16 mars [1839], samedi, midi ¾

Bonjour, mon cher petit bien-aimé, bonjour mon bon petit homme. Je suis honteuse de me réveiller si tard quand je pense que toi tu n’as pas dormi peut-être deux heures dans toute ta nuit. Je n’ose pas te demander comment vont tes pauvres yeux adorés. Mon Dieu, quand donc ton dévouement, c’est-à-dire ton supplicea de toutes les nuits finira-t-il ? Nous pourrions être si heureux ! Je t’aime tant ! Et dire que tout ça est sacrifié à des besoins sans cesse renaissants et à un passé qui ne peut pas s’effacer. Encore si je pouvais travailler aussi, moi, et gagner de l’argent, ce ne serait que demi-mal, mais mon inaction m’exaspère et mon courage ne me sert qu’à souffrir davantage de tant de dévouement et d’amour perdu.

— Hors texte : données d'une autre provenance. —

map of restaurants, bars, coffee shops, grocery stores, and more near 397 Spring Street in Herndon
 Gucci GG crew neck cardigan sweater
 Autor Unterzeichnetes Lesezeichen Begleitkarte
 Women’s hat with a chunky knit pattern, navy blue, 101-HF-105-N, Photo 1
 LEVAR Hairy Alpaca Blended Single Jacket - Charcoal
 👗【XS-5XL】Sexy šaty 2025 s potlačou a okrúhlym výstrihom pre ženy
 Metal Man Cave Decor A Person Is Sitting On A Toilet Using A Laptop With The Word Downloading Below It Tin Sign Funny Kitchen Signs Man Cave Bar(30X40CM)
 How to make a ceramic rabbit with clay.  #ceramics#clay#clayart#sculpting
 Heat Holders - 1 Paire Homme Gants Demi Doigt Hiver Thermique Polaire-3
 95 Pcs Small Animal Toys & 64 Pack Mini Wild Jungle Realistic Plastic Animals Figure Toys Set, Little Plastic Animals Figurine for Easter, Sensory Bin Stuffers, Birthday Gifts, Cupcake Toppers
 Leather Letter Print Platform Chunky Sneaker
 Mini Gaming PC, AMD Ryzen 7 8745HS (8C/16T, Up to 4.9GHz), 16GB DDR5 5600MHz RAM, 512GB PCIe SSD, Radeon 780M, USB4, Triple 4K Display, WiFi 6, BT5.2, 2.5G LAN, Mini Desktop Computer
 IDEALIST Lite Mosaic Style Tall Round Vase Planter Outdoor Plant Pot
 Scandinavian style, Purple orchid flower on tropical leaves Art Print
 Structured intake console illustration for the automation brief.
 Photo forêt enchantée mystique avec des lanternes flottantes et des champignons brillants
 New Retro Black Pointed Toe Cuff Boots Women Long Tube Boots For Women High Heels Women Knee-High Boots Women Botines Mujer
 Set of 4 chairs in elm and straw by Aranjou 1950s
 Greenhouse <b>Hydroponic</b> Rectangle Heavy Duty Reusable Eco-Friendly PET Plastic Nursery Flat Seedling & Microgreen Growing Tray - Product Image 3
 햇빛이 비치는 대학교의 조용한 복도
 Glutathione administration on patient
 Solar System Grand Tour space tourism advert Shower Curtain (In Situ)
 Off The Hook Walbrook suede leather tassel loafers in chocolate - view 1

Ce matin, à travers un sommeil lourd et pénible, je sentais tout ce que je te dis là, je pleurais et je te priais de ne pas continuer à te tuer pour moi, mais en rêve comme en réalité, tu ne tenais pas compte de mes prières et tu continues toujours ton affreux travail qui brûle tes pauvres beaux yeux et consume ma pauvre âme en désirs inutiles. Je t’aime, mon Toto chéri, je t’aime, mon adoré. Tu es ma joie, ma vie, ma lumière, mon bonheur, mon étoile et mon ciel, tu es tout et mon âme avec.

Juliette

BnF, Mss, NAF 16337, f. 267-268
Transcription de Madeleine Liszewski assistée de Florence Naugrette

a) « suplice ».


16 mars [1839], samedi, 8 h. du soir

De nettoyage en nettoyage, on vient seulement de finir à présent. Moi-même je ne viens que de finir à présent ma TOILETTE car j’espère, pour n’en pas perdre l’habitude, que nous irons ce soir à Marie Tudor [1]. Je suis donc sous les armes, je vais dîner en quatre coups de dents et voilà. J’ai bien peur d’en être pour mes frais, mais au moins je n’aurais rien à me reprocher. Pourquoi donc, mon cher petit homme, n’avez-vous pas voulu laver vos yeux tantôt ? Et pourquoi donc étiez-vous encore plus pressé qu’à l’ordinaire ? Est-ce que vous aviez quelque commission ou quelque visite à MM. Lesage et Soufflard [2] ? Il faudra m’expliquer cela ce soir. J’ai reçu une lettre de Mme Krafft que je n’ai pas décachetée, vous voyez que je fais bien tout ce qu’il faut pour vous épargner une inquiétude ou une jalousie, pourquoi n’en faites-vous pas autant ? J’ai avec moi les deux petites filles dont le jabotage me casse la tête. J’aimerais mieux votre douce voix et votre charmante bouche rose à baiser. Mais hélas, il n’est pas question de ce que je préfère mais bien de votre absence multipliée et allongée dans tous les sens. Je vous aime pourtant.

Juliette

BnF, Mss, NAF 16337, f. 269-270
Transcription de Madeleine Liszewski assistée de Florence Naugrette

Notes

[1À élucider : dans quel théâtre ? Il semblerait que ce soit à la Porte-Saint-Martin où il y a plusieurs jours de suite une « représentation exceptionnelle » 

[2Le 8 mars, Hugo a assisté à l’ouverture du procès en assises de Lesage et Soufflard, accusés, avec Micaud, Mme Vollard et sa fille Alliette du meurtre de Mme Renault.